Updated user guide.

lu-ohai · lu-ohai · commit a577cce45a9b · 2023-05-01T17:03:02.000-07:00
diff --git a/docs/source/user_guide/data_transformation/data_transformation.rst b/docs/source/user_guide/data_transformation/data_transformation.rst
@@ -3,7 +3,7 @@
 Transform Data 
 ##############
 
-When datasets are loaded with DatasetFactory, they can be transformed and manipulated easily with the built-in functions. Underlying, an ``ADSDataset`` object is a Pandas dataframe. Any operation that can be performed to a `Pandas dataframe <https://pandas.pydata.org/docs/reference/api/pandas.DataFrame.html>`_ can also be applied to an ADS Dataset.

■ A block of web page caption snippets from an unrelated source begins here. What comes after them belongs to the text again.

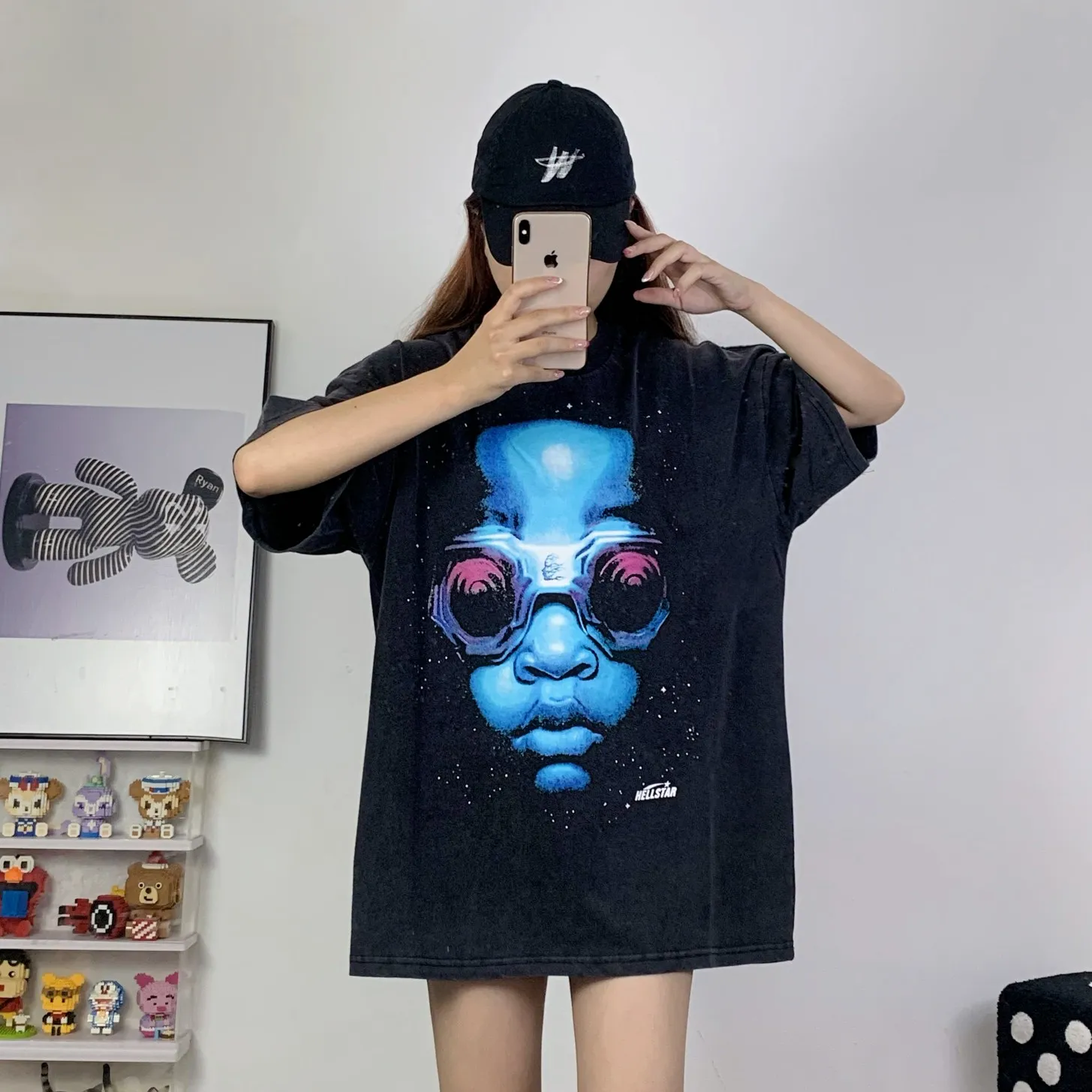 P134 Hellstar Studios Goggles Short Sleeve Tee Shirt Washed Black Short Sleeve T-shirt The new hot beauty trend Hellstar!  Standard beauty and trendy workmanship, original customization (fabric, pattern, printing, hang tag, main mark, etc.), exaggerated style, explosive style, dare to break through tradition, bring adventurous new fashion experience!  YoungBoy, the most popular rapper in the youth circle, has shot a lot of models for him, and celebrities such as Dababy and Swae Lee frequently get dressed!  color: Vintage Black (washed black) size: S, M, L, XL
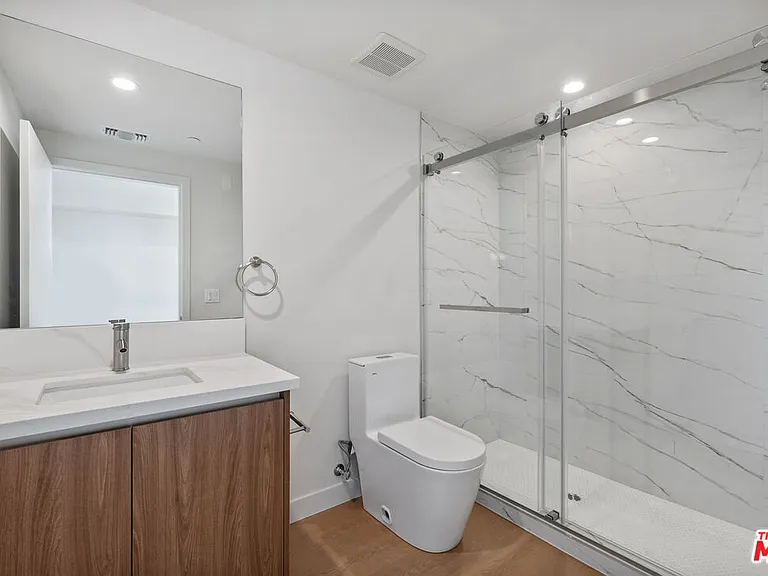 1717 Winona Blvd #204 — Photo 4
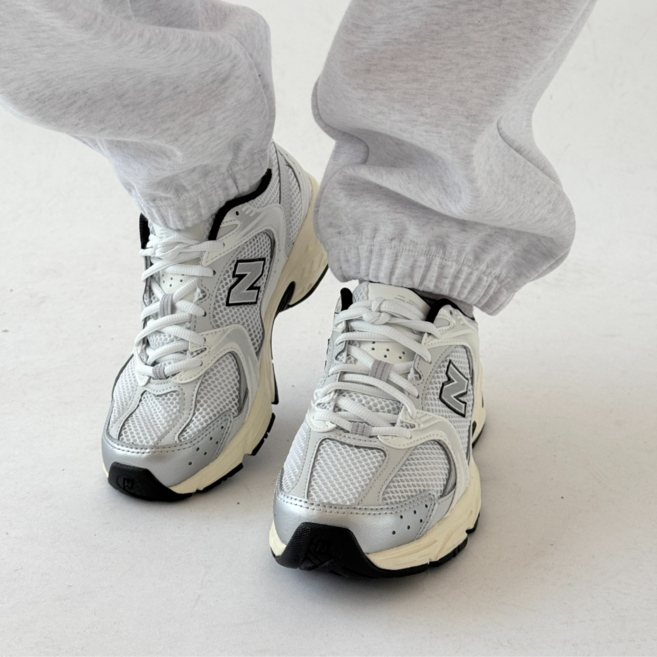 뉴발란스 530 운동화 런닝화 신발 스니커즈 남녀공용 + 록브라이트 양말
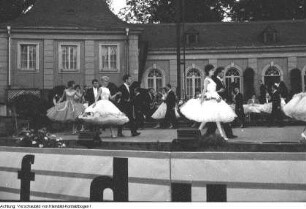 Woche des Tanzes, Tanzturnier des Internationalen Gesellschaftstanzes, Volkstänzer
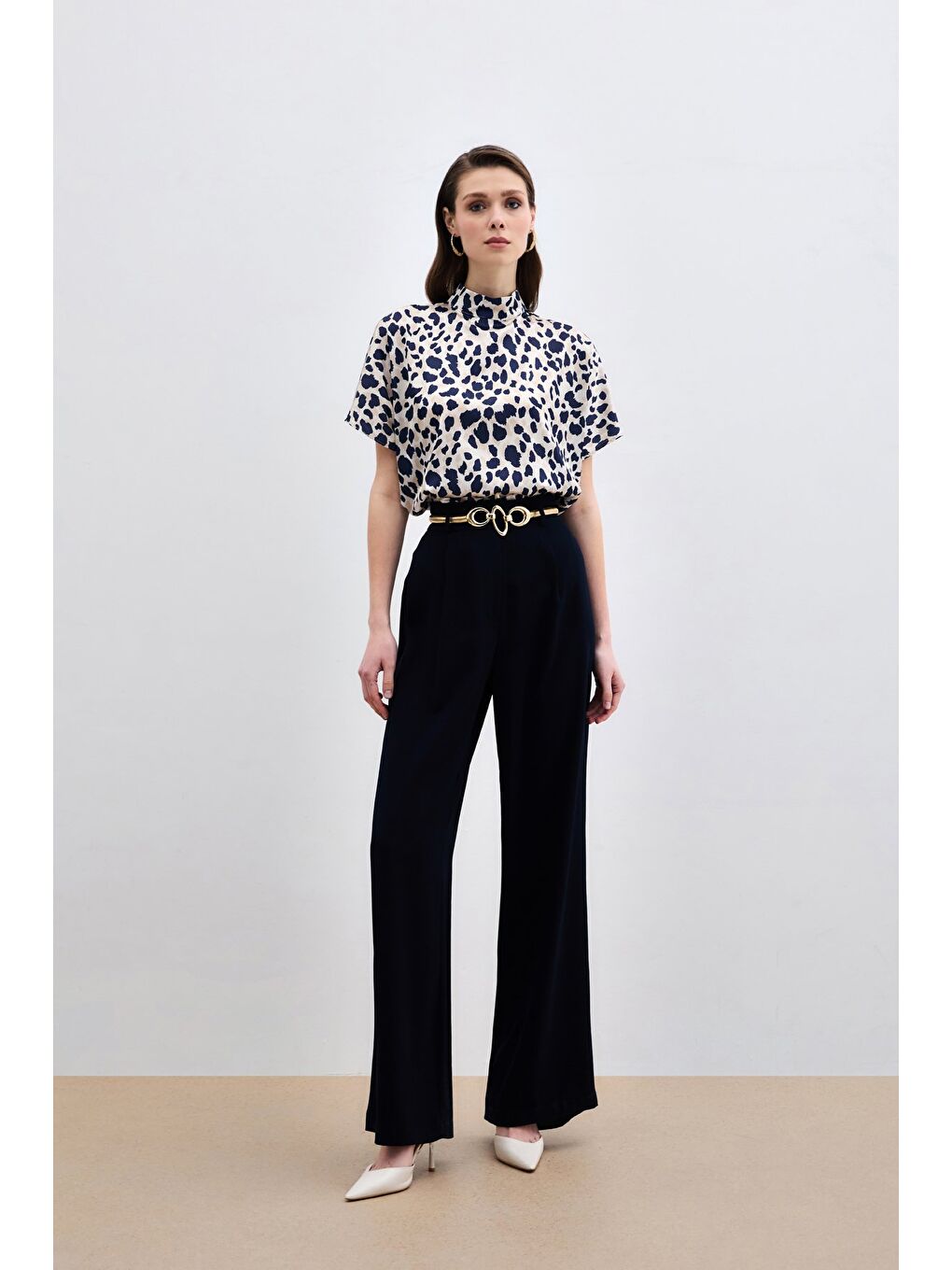 Yarasa Kol Salaş Bluz - Bej-Lacivert-1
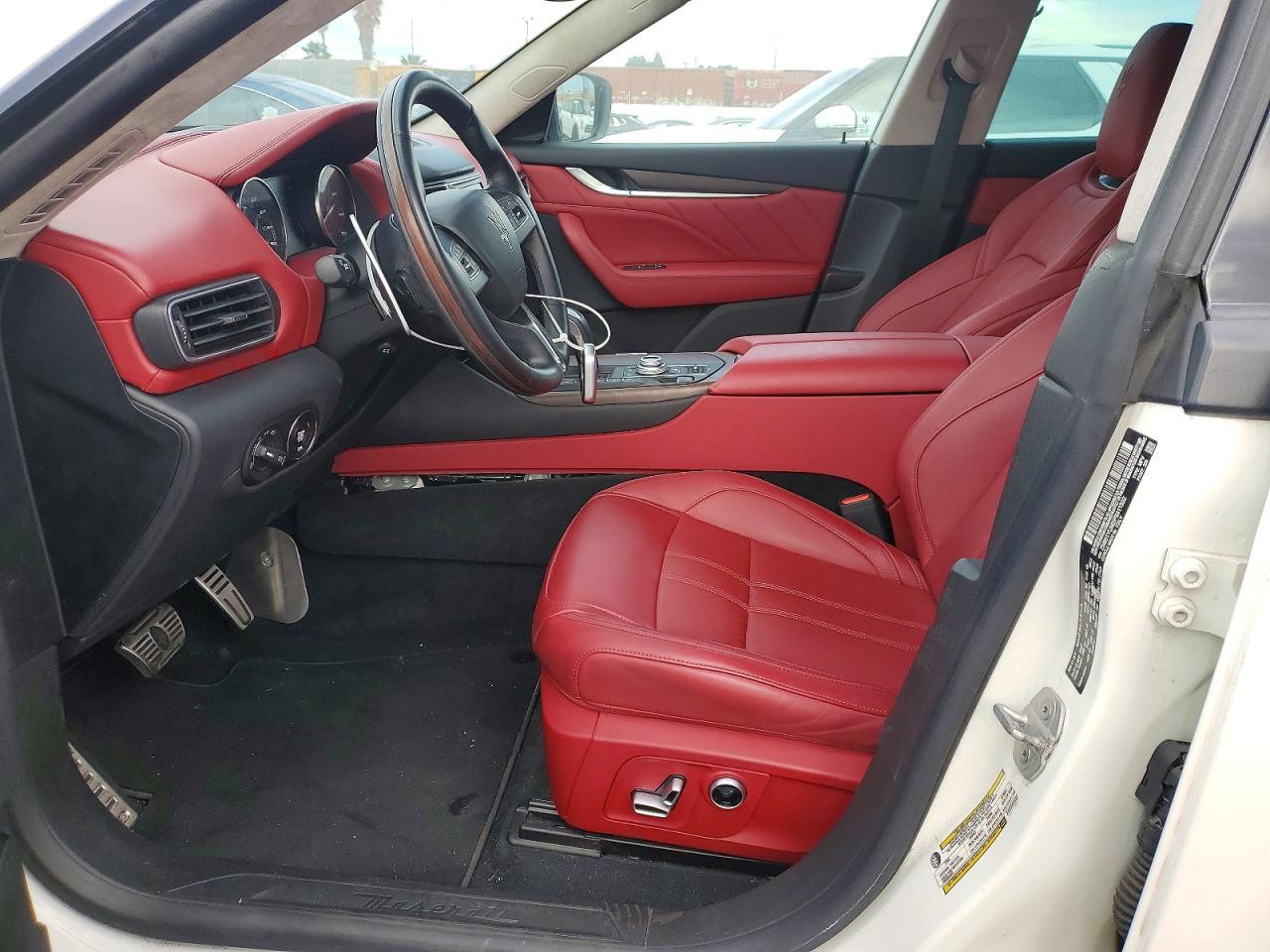 2023 MASERATI Levante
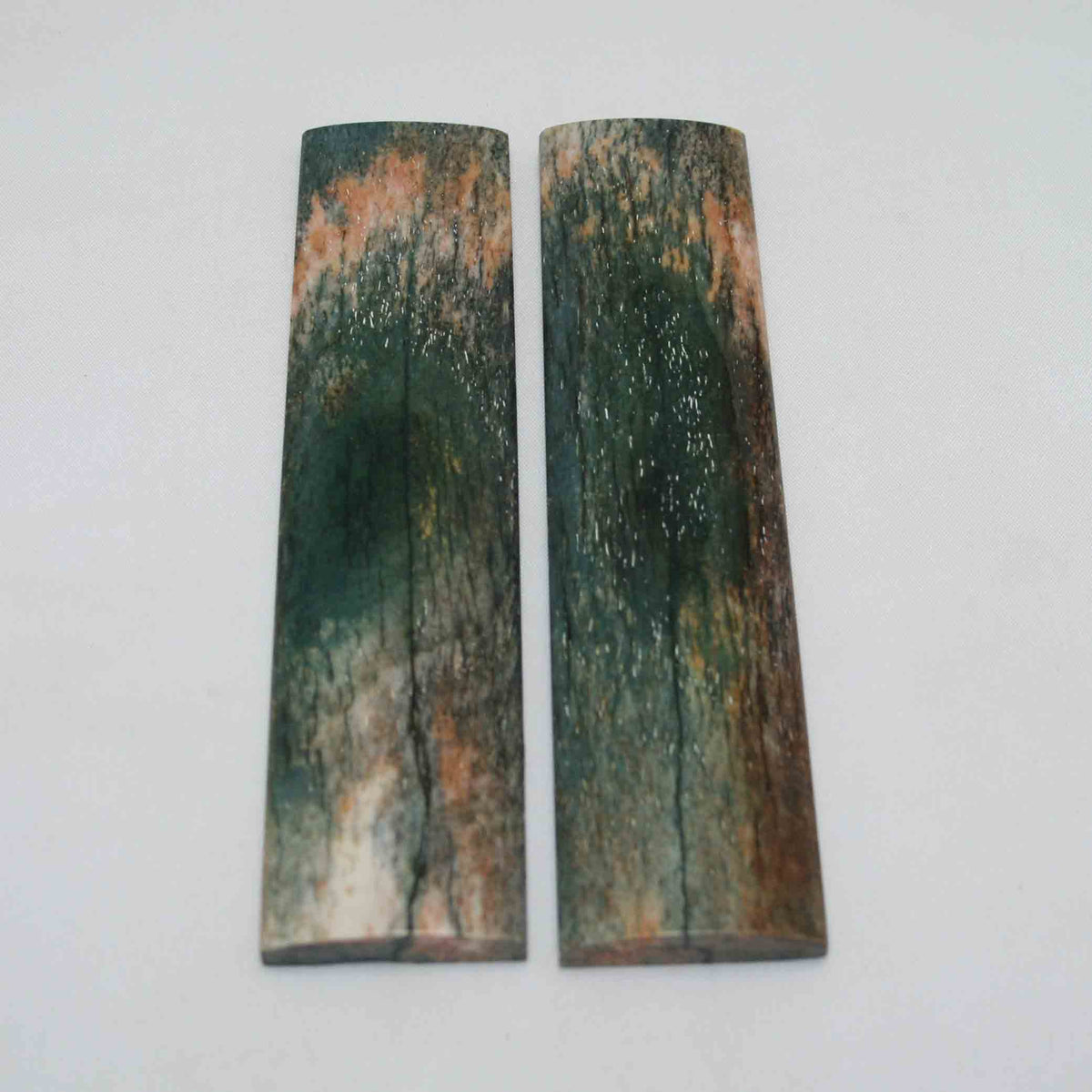 NB104NAM11 Giraffe Bone Scales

+When datasets are loaded, they can be transformed and manipulated easily with the built-in functions. Underlying, an ``ADSDataset`` object is a Pandas dataframe. Any operation that can be performed to a `Pandas dataframe <https://pandas.pydata.org/docs/reference/api/pandas.DataFrame.html>`_ can also be applied to an ADS Dataset.
 
 Loading the Dataset
 ********************
@@ -12,9 +12,9 @@ You can load a ``pandas`` dataframe into an ``ADSDataset`` by calling.
 
 .. code-block:: python3
 
-   from ads.dataset.factory import DatasetFactory
+   from ads.dataset.dataset import ADSDataset
 
-   ds = DatasetFactory.from_dataframe(df)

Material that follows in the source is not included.